Help stamp out iliturcy.
You defuse bombs, and language may have morphed so that you can defuse any type of threat.
Diffuse means spread out like the potential regulations.
Getting the cheap/free cellphone in Canada often involves signing up for long 3 year plan with huge penalties if you quit early.
I'm not sure of all the provinces, but I know that both Quebec and Manitoba have new laws in place requiring better contract disclosure and limiting those penalties.
I suspect that Rogers and Telus are afraid the other provinces will enact the same or stronger legislation.
A "hotchpotch" is a mutton stew. Do you mean a "hodgepodge"? :-) :-)
Lesson: Never edit when you're hungry
Oh I am so relieved to hear there is no conflict of interest involved in his appointment or execution of his office. Who appointed him?

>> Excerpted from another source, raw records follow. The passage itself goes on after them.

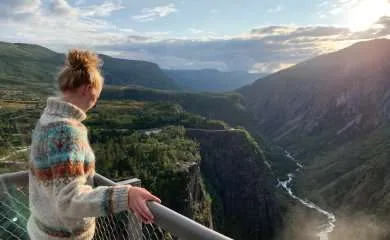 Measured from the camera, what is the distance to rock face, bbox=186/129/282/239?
110 m

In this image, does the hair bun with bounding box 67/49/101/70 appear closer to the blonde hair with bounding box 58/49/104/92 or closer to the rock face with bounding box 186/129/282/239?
the blonde hair with bounding box 58/49/104/92

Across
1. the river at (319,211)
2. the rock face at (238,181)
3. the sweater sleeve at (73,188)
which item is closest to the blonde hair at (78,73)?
the sweater sleeve at (73,188)

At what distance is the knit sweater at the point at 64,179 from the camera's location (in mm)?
3938

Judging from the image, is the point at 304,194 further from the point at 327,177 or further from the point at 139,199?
the point at 139,199

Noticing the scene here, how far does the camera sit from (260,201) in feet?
378

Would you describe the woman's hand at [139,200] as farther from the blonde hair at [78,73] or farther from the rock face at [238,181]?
the rock face at [238,181]

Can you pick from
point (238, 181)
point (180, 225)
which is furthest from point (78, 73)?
point (238, 181)

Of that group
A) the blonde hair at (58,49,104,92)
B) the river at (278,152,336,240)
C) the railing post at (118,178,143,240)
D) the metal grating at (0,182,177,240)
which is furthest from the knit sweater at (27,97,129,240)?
the river at (278,152,336,240)

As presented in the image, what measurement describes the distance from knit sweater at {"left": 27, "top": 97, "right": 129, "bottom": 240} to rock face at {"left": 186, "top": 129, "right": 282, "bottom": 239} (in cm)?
10117

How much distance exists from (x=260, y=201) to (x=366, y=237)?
27240mm

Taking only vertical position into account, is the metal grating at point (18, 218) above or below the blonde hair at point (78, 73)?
below

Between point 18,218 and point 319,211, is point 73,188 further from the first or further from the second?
point 319,211

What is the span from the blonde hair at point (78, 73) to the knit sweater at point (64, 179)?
0.20 metres

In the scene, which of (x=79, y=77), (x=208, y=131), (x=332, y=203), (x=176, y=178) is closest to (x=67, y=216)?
(x=79, y=77) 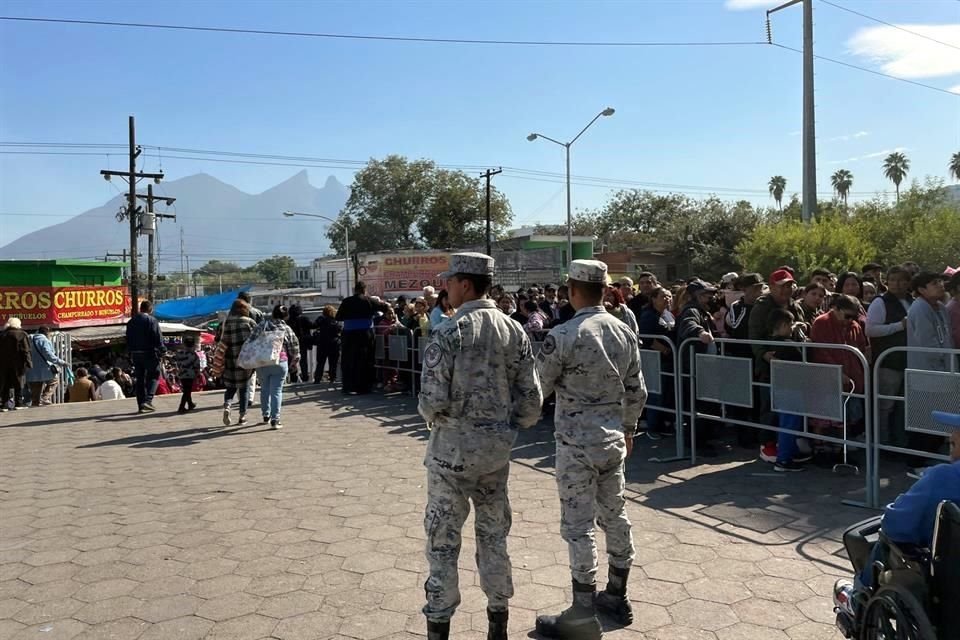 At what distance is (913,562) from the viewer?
2.76 m

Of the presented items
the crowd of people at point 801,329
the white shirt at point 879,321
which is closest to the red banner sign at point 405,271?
the crowd of people at point 801,329

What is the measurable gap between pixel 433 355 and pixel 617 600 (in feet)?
5.44

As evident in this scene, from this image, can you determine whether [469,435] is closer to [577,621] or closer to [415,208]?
[577,621]

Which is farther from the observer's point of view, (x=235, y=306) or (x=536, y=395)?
(x=235, y=306)

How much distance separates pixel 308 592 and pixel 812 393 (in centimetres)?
431

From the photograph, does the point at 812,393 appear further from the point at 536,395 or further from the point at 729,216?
the point at 729,216

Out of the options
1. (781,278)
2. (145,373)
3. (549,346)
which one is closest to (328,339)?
(145,373)

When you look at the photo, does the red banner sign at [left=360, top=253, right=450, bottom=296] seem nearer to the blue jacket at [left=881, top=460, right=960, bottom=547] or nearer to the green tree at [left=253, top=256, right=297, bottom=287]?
the blue jacket at [left=881, top=460, right=960, bottom=547]

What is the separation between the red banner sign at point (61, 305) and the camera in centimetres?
2736

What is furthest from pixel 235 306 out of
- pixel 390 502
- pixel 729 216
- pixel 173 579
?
pixel 729 216

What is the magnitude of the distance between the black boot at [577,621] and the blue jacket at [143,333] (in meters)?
9.68

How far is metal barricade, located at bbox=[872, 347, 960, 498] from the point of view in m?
5.04

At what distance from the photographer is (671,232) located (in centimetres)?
5706

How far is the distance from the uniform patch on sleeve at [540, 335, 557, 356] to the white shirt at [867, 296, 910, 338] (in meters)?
4.62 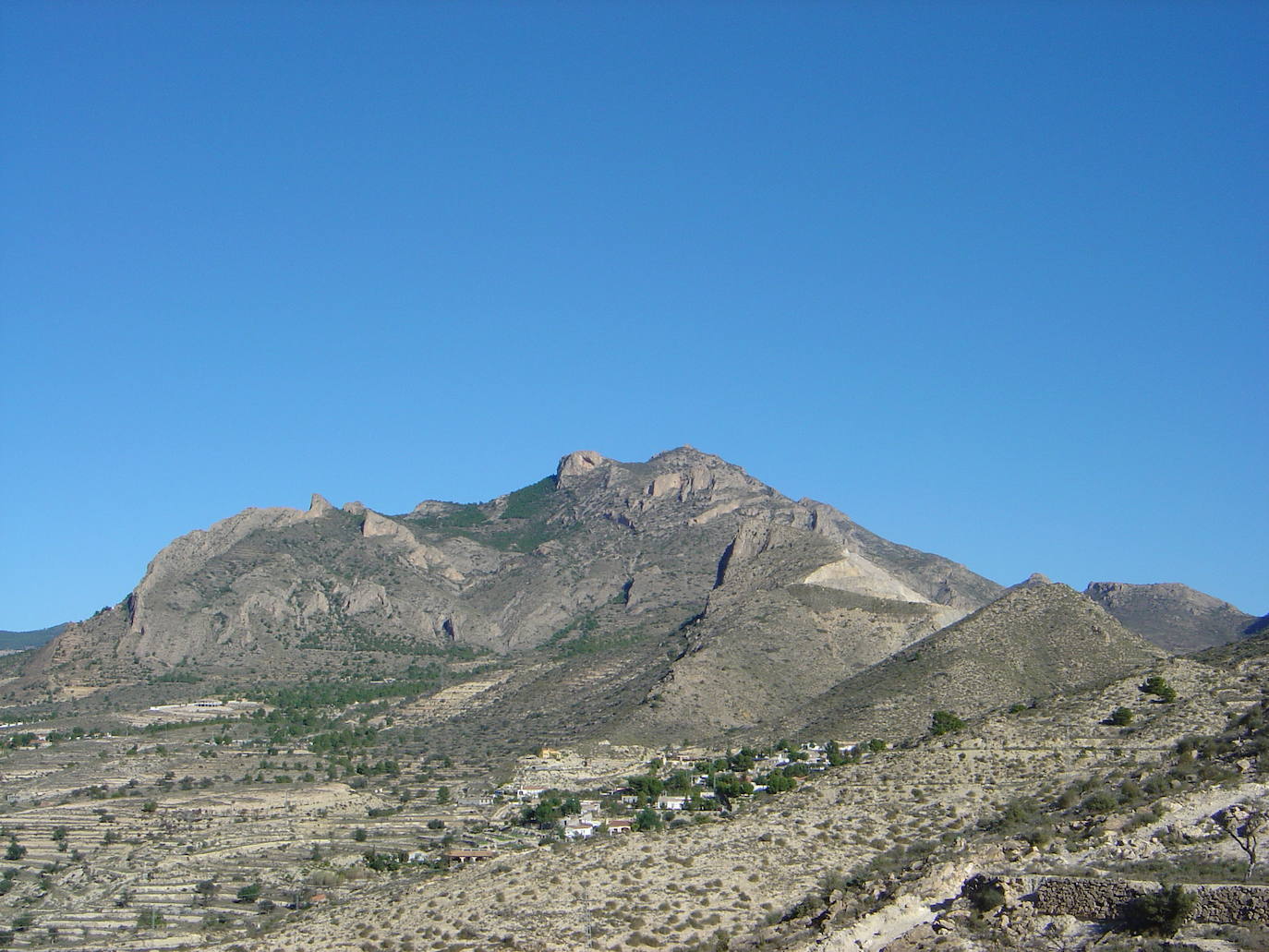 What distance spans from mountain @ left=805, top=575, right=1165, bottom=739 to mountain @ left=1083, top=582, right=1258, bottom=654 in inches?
1978

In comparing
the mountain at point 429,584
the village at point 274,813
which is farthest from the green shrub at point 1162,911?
the mountain at point 429,584

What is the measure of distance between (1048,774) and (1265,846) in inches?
508

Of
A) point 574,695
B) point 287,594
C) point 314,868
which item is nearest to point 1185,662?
point 314,868

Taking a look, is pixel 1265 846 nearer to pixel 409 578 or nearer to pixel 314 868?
pixel 314 868

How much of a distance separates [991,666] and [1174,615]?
8704cm

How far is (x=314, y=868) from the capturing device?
2365 inches

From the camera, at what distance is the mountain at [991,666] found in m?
72.4

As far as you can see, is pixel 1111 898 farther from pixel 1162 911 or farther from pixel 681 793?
pixel 681 793

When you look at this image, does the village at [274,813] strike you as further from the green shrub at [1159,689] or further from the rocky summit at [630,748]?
the green shrub at [1159,689]

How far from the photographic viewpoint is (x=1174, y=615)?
15500 centimetres

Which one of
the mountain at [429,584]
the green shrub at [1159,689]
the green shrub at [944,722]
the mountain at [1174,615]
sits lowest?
the green shrub at [944,722]

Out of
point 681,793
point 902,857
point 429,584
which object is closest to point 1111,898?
point 902,857

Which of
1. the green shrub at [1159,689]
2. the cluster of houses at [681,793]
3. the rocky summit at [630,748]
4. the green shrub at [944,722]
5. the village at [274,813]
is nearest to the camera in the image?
the rocky summit at [630,748]

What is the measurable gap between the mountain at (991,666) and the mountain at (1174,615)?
50.2m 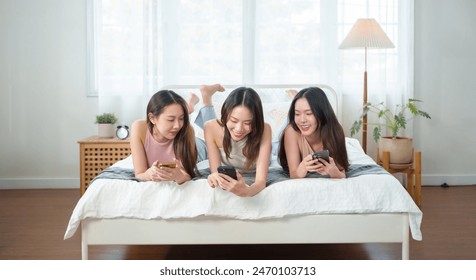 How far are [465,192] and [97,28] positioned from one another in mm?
3153

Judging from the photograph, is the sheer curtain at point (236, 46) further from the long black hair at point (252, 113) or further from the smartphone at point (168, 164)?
the smartphone at point (168, 164)

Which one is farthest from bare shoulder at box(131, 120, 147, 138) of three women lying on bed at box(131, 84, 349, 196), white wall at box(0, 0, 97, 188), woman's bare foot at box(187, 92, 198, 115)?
white wall at box(0, 0, 97, 188)

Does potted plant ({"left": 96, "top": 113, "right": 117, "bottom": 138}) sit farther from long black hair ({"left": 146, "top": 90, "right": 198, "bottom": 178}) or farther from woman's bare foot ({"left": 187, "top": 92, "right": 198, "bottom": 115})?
long black hair ({"left": 146, "top": 90, "right": 198, "bottom": 178})

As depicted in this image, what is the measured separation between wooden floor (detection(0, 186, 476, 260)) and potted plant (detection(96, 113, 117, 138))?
77cm

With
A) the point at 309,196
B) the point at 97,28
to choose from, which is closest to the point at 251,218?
the point at 309,196

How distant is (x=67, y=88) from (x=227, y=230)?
115 inches

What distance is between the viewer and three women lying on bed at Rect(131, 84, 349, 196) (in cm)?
272

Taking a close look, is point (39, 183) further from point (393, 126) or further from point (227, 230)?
point (227, 230)

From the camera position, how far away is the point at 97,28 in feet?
16.6

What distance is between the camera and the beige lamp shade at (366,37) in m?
4.59

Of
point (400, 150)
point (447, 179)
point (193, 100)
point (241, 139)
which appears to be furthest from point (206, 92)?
point (447, 179)

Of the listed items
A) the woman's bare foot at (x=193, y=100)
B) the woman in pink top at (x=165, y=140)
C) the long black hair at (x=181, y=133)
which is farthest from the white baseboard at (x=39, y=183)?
the long black hair at (x=181, y=133)

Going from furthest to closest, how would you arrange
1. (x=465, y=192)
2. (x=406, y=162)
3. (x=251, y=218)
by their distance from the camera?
(x=465, y=192), (x=406, y=162), (x=251, y=218) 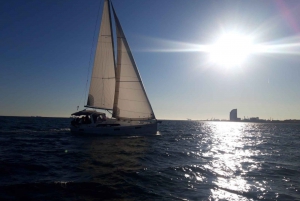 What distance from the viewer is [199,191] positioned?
9.06m

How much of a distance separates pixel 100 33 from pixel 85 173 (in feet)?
80.3

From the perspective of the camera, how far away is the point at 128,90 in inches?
1181

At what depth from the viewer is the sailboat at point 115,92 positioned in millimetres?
29984

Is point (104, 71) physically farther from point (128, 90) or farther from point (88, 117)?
point (88, 117)

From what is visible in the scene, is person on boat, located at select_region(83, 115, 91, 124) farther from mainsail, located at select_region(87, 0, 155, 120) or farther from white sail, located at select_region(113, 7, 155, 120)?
white sail, located at select_region(113, 7, 155, 120)

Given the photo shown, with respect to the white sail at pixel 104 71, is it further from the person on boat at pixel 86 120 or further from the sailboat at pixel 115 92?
the person on boat at pixel 86 120

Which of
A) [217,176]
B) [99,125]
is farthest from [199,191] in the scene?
[99,125]

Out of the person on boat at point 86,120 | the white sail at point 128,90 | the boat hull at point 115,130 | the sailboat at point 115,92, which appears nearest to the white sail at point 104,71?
the sailboat at point 115,92

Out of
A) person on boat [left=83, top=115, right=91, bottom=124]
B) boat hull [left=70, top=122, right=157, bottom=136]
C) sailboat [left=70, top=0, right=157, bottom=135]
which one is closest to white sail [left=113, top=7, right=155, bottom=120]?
sailboat [left=70, top=0, right=157, bottom=135]

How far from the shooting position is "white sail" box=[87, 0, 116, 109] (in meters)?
31.0

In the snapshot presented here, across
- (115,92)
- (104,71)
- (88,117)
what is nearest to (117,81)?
(115,92)

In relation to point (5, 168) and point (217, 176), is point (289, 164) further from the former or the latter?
point (5, 168)

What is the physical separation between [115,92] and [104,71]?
340cm

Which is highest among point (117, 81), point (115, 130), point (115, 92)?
point (117, 81) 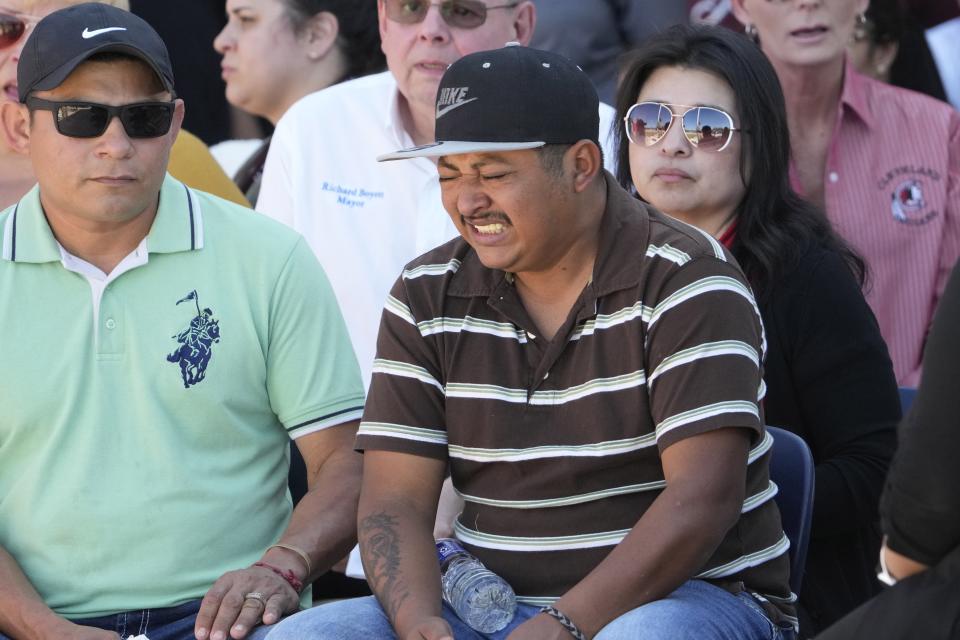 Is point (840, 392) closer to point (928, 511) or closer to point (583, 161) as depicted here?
point (583, 161)

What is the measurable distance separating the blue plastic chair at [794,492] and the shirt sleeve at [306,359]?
0.95 m

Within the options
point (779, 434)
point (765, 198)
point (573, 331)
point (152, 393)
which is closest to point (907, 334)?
point (765, 198)

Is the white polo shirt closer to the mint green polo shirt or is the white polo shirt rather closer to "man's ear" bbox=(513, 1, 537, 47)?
"man's ear" bbox=(513, 1, 537, 47)

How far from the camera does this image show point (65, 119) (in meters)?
3.41

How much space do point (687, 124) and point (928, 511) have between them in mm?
1915

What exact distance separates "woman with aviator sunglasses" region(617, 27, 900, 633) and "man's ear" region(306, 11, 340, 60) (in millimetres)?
1815

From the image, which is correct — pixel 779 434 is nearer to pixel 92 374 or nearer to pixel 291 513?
pixel 291 513

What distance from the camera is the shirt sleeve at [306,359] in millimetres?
3477

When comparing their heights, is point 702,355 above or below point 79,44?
below

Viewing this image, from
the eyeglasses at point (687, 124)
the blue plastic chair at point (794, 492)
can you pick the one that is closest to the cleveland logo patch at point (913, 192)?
the eyeglasses at point (687, 124)

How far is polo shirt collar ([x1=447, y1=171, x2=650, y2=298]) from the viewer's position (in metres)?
3.10

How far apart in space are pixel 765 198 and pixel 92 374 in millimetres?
1745

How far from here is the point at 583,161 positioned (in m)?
3.20

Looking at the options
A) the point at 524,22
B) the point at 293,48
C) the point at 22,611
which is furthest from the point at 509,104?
the point at 293,48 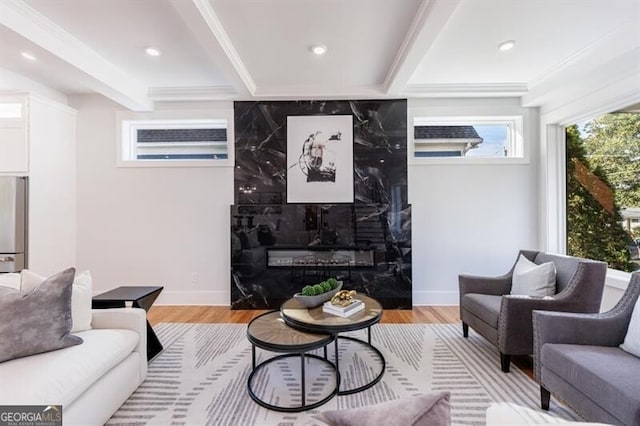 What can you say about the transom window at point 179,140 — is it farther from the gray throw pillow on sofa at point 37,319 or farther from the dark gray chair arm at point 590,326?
the dark gray chair arm at point 590,326

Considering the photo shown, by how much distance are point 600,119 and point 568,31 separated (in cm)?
134

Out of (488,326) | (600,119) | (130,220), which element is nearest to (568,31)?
(600,119)

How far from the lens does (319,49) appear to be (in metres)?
2.89

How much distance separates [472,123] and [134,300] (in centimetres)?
435

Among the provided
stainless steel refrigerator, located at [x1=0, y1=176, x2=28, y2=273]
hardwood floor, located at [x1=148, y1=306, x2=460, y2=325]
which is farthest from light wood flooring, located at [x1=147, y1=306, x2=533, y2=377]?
stainless steel refrigerator, located at [x1=0, y1=176, x2=28, y2=273]

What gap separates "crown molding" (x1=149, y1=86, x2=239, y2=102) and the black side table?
2460mm

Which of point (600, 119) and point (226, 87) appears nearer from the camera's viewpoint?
point (600, 119)

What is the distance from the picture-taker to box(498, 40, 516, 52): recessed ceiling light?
280 cm

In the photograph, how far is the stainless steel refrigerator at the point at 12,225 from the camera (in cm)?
322

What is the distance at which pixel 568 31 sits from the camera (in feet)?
8.56

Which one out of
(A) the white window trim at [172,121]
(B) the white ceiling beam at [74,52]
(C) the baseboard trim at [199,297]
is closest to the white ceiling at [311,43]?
(B) the white ceiling beam at [74,52]

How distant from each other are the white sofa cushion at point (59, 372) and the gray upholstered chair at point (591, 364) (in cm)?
255

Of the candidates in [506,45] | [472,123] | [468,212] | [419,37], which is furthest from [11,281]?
[472,123]

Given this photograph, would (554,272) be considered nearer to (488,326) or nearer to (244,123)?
(488,326) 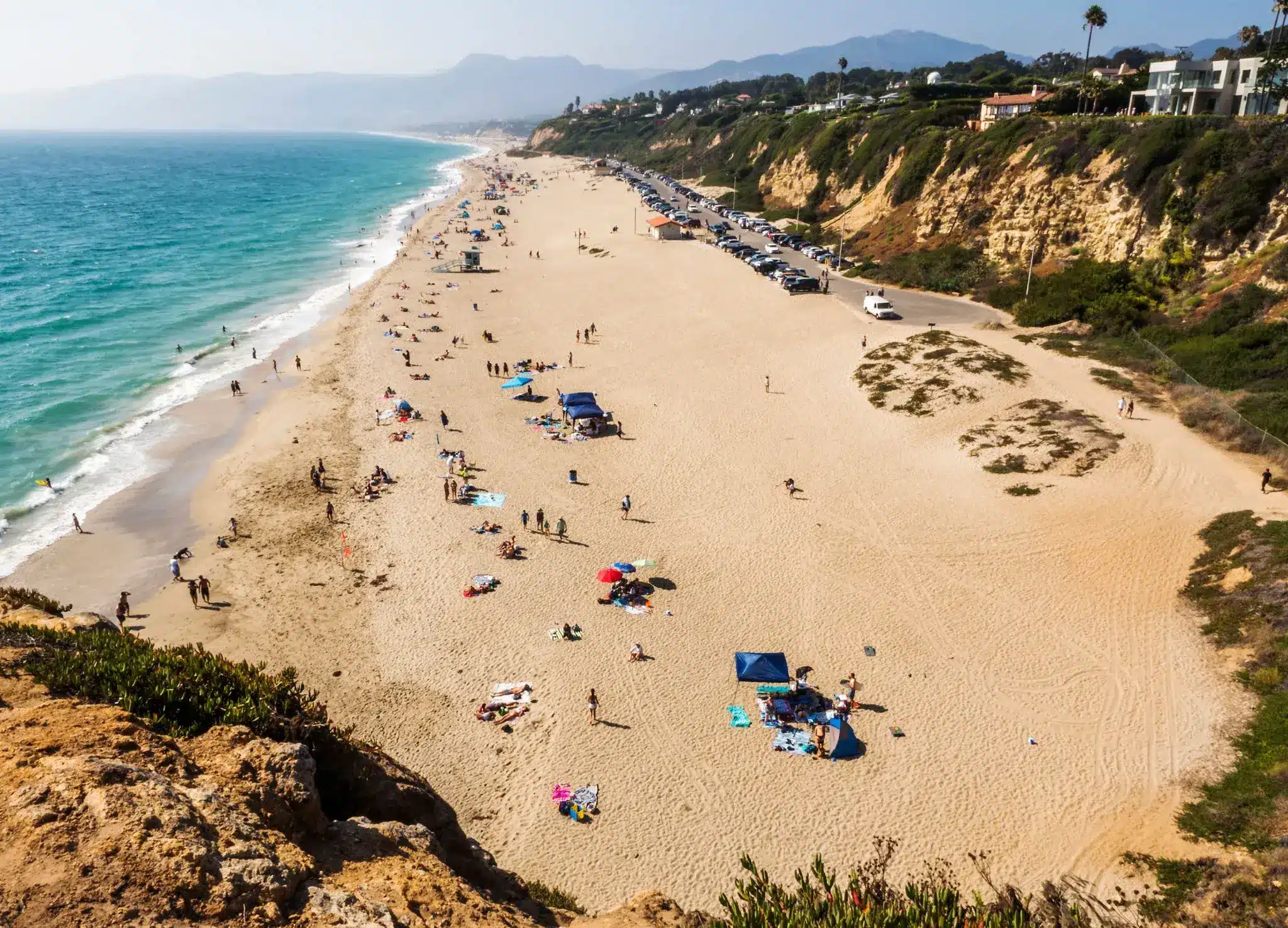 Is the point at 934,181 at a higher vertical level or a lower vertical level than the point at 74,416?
higher

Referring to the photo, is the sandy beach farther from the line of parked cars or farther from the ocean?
the line of parked cars

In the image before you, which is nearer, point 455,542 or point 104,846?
point 104,846

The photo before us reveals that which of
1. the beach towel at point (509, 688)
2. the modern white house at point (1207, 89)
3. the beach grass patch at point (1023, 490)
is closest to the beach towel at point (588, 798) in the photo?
the beach towel at point (509, 688)

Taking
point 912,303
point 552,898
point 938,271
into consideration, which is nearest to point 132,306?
point 912,303

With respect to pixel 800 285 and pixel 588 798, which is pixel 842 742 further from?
pixel 800 285

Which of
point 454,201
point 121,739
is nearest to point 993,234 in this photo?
point 121,739

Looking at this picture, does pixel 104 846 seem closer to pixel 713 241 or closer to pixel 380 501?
pixel 380 501

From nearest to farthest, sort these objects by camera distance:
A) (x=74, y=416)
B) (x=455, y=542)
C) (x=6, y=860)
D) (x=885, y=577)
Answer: (x=6, y=860) → (x=885, y=577) → (x=455, y=542) → (x=74, y=416)

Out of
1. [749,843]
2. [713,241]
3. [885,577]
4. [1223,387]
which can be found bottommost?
[749,843] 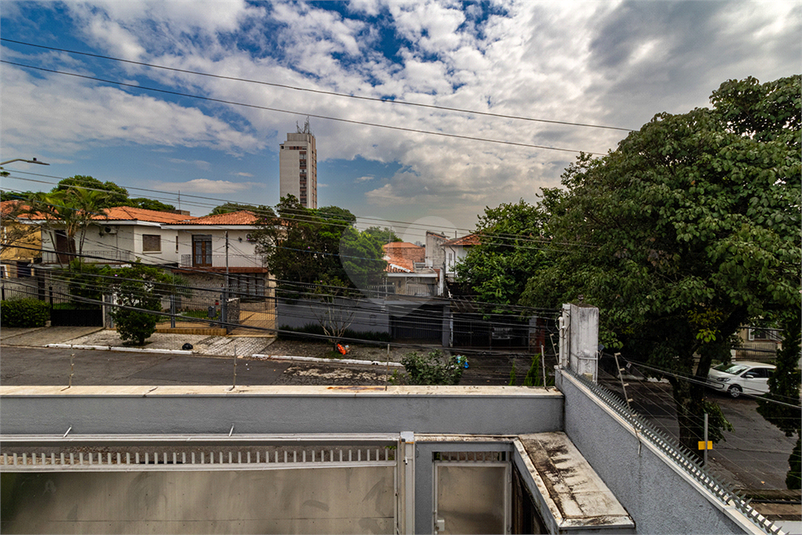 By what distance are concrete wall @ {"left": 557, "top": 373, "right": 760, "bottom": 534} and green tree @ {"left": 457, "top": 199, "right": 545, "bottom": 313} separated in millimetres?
10301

"The first time I got drunk, I got married. The second time I bought a chimpanzee, after that I stayed sober" Arian Seid
I can see it now in their boardroom:
The Board: "Gahh! The threat! The Threat! It is so opaque and solid! What will we do?"
VP for Regulatory Affairs: "I know! Let's diffuse it!"
VP for Queen's English: "Wait, don't you mean 'defuse?' "
CEO: "Quiet, peon! I agree; let's diffuse the threat!"
The Board: "Yaaaay! More bonuses!"
Not to argue that there isn't a conflict of interest, but I guess that the alternative would be to appoint someone who hasn't worked in the telecom industry. I'm not sure which would end up worse. Having someone in charge who is old friends with the people running the telcos, or having somebody in charge who has no idea about telecommunications networks are run, and has never worked in the business.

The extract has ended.